Investing In The Future—One Step At A Time
Implementing predictive analytics into your accounting can be intimidating. However, there are actionable steps you can take today to enable the process and have a better chance of success.
1. Save and integrate data. It might seem obvious, but saving your data is essential. It means discarding your Excel tabs and investing in accounting software and a data warehouse. Once you have the right data available, you should integrate your internal data sources with a data warehouse to create a comprehensive dataset that can then be leveraged to effectively inform your predictive models.
2. Build the right team to develop predictive models. Implementing predictive analytics requires a team with the proper skill set, including data analysts, data scientists and domain experts in accounts receivable and credit management, ideally. This team should develop predictive models tailored to your business needs. These models should consider variables like payment history, customer credit scores, economic trends and industry-specific factors.
3. Monitor and implement. Predictive analytics is an iterative process that requires continuously monitoring your models’ performance, gathering feedback from your team and refining the models to improve accuracy over time. Then, it’s time to implement your insights into your accounts receivable management. Your team should use this data to take proactive actions based on the predictions and to tailor their collection process.

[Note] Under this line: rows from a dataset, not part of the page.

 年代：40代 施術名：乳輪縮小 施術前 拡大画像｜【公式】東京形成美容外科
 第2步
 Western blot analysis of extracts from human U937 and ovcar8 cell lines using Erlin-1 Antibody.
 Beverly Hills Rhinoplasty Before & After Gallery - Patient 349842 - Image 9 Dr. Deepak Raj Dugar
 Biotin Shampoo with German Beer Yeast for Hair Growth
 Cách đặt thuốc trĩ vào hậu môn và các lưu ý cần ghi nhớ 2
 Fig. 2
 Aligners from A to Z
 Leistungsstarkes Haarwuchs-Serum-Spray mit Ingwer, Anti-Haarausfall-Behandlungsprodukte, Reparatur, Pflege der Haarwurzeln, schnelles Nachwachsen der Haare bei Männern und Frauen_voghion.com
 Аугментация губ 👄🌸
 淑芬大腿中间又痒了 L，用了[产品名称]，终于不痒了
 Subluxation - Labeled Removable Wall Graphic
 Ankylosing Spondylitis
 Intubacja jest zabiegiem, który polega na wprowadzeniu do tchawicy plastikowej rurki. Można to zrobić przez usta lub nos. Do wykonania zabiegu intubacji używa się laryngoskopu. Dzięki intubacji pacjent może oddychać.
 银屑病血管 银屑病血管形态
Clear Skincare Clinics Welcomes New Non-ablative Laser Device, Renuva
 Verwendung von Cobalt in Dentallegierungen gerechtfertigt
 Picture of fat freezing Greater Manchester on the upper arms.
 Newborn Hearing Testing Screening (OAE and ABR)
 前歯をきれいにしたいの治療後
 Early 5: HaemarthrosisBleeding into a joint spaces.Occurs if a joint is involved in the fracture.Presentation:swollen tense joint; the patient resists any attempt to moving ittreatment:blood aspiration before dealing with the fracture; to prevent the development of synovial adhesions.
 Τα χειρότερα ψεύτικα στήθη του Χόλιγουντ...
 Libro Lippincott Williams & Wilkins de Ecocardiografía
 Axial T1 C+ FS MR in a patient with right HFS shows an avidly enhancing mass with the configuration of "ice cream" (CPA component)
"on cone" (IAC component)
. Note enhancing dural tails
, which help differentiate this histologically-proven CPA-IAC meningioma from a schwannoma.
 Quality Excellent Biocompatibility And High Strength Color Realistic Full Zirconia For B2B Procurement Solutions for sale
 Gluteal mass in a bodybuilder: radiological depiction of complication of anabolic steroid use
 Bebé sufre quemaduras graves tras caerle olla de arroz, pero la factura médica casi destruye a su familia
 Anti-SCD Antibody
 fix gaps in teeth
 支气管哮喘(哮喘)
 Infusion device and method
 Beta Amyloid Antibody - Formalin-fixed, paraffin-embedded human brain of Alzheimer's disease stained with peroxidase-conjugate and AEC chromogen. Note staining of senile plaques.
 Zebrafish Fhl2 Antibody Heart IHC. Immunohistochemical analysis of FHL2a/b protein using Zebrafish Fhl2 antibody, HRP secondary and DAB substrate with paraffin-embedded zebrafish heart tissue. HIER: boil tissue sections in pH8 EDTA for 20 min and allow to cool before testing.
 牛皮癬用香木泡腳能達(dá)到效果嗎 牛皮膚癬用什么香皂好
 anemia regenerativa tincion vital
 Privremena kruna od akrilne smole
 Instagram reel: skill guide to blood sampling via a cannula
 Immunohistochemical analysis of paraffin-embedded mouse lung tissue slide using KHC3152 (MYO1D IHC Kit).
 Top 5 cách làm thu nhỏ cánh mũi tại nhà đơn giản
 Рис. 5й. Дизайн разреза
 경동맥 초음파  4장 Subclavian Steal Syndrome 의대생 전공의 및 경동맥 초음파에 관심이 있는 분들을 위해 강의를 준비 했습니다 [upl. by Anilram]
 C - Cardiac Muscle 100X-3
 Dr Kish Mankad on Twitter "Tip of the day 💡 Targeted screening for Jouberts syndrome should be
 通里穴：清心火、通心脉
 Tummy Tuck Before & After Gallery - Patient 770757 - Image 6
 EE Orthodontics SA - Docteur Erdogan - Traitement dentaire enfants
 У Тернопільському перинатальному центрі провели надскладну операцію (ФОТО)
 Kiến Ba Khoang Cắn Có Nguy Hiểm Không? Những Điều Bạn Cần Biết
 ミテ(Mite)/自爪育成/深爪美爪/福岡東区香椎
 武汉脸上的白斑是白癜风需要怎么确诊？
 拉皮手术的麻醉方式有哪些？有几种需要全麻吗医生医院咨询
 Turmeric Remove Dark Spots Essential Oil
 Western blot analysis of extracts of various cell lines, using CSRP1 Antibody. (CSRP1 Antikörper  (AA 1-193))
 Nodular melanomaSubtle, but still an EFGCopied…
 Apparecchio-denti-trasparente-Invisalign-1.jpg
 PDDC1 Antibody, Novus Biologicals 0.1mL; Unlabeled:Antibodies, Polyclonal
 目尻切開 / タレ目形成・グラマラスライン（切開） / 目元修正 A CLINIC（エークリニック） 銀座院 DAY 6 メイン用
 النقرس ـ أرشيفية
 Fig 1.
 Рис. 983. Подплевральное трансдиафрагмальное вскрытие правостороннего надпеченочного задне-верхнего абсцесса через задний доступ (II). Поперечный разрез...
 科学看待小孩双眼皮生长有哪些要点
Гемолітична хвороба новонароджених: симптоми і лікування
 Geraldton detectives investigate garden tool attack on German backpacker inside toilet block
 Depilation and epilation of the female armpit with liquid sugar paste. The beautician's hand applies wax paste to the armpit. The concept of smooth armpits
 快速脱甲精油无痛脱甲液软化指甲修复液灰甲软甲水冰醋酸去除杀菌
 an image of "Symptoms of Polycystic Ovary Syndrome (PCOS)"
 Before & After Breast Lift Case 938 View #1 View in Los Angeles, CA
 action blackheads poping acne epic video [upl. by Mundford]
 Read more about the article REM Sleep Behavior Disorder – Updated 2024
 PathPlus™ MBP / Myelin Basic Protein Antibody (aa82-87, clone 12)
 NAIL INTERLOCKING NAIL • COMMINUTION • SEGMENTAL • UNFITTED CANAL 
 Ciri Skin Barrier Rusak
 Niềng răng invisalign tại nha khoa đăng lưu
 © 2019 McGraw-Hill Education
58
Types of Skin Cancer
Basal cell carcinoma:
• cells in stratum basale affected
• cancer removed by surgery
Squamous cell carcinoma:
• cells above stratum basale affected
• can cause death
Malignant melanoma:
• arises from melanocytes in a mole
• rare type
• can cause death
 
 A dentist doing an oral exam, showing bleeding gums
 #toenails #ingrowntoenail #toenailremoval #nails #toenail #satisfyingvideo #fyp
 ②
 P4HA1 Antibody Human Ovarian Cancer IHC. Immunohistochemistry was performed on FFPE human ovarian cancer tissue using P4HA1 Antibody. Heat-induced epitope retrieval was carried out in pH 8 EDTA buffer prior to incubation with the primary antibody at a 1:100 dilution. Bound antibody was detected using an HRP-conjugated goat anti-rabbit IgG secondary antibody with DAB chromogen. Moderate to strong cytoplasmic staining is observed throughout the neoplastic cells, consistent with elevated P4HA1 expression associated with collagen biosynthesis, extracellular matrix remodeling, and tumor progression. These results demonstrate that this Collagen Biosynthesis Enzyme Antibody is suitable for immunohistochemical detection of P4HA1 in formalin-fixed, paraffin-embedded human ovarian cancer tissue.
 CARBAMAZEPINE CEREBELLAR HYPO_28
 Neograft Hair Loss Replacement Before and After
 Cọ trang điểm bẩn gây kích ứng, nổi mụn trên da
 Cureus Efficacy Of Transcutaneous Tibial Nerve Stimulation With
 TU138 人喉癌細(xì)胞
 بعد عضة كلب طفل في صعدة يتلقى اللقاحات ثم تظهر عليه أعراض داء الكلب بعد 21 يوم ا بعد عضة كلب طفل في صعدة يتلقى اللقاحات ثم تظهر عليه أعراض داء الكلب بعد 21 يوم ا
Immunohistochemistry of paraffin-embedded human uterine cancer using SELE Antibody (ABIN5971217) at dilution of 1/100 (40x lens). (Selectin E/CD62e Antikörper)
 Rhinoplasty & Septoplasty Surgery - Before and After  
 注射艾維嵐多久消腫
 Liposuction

Making financial services more efficient through predictive analytics can give your business a competitive edge that will unlock its potential. Forward-looking companies have already started leveraging AI to transform accounting and finance functions.
By searching historical data to identify patterns, predictive analytics tools can help mitigate late payment risks, forecast accurate cash flows and improve decision-making related to credit. That said, the process requires an iterative approach and the right team in order to see the best success from this new technology.